◆ Information shown
○ ○ ○ ○ ○ ○ ○

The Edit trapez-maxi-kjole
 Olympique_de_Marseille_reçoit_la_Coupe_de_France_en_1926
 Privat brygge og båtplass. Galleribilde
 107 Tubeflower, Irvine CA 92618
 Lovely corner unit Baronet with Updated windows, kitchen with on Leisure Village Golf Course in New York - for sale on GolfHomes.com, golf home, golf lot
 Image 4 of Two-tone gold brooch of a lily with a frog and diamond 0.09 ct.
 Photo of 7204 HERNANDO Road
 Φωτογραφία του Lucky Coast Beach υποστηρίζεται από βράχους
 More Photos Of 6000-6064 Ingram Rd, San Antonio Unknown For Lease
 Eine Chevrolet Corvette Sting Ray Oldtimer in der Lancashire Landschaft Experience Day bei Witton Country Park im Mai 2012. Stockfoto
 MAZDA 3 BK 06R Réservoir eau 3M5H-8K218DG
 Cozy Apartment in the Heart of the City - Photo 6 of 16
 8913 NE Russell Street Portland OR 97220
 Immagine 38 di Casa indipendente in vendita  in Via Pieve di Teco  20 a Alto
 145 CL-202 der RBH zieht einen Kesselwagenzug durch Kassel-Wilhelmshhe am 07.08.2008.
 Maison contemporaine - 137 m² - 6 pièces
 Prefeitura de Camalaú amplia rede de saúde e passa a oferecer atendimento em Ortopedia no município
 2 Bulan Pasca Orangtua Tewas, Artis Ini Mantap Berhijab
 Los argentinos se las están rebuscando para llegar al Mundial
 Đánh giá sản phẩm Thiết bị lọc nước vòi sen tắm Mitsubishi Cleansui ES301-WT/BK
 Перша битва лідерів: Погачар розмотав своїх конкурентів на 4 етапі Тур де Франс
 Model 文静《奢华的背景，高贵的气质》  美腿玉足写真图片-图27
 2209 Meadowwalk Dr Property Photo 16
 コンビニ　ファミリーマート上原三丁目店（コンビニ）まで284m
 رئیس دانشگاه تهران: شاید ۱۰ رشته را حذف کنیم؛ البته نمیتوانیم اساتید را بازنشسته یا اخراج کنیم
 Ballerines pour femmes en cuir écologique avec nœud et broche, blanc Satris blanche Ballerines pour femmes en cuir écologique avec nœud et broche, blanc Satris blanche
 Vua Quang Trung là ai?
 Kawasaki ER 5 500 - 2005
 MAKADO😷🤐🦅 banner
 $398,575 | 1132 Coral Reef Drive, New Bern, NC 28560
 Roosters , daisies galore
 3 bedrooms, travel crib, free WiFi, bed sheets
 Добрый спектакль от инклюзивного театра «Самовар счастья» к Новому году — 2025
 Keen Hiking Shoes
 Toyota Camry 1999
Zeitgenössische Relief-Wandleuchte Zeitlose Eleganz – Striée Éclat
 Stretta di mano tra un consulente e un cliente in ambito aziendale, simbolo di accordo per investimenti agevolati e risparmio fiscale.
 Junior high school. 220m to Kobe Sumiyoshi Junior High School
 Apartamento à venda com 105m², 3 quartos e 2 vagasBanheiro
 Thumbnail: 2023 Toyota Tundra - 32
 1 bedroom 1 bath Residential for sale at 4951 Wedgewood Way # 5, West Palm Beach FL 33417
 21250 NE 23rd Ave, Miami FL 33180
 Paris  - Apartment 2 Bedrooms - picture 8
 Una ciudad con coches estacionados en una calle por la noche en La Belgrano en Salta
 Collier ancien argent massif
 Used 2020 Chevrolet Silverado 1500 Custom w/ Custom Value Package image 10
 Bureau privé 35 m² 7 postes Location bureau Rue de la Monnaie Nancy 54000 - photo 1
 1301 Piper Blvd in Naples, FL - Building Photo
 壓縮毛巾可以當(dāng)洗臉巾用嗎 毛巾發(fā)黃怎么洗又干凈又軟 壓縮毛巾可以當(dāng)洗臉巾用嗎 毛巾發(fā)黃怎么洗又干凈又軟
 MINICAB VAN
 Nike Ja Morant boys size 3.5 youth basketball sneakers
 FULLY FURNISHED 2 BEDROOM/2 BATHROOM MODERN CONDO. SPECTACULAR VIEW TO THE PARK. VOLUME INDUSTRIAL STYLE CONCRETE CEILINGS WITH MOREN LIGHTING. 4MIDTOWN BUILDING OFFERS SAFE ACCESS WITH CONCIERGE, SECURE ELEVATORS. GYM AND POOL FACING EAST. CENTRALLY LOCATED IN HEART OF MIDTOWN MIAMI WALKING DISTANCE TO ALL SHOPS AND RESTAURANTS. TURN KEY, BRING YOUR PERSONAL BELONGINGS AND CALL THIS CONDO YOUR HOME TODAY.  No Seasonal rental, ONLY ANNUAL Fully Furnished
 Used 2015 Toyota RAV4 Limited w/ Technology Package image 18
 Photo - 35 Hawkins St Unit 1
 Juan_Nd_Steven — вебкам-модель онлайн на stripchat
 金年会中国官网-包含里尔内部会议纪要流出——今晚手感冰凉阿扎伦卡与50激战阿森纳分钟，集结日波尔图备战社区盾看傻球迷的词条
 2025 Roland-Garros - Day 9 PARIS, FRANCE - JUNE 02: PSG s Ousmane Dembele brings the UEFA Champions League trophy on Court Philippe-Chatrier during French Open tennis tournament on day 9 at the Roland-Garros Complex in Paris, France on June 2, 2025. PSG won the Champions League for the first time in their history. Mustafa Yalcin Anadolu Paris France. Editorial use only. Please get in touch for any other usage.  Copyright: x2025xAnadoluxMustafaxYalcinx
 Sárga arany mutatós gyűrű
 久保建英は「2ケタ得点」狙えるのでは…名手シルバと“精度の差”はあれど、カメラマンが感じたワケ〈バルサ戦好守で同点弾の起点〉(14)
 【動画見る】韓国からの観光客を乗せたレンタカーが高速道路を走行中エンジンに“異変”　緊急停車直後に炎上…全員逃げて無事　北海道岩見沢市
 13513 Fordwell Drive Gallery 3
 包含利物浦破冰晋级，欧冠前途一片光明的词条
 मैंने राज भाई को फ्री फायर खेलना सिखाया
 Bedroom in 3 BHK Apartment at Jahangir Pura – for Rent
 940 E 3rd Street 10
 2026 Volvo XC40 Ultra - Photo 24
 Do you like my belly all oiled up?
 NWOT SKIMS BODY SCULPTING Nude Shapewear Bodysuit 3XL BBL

○ ○ ○ ○ ○ ○ ○

◆ Activity
Tallying every line that holds the string "Drive", report the total for the records and nothing else.

◆ The answer
2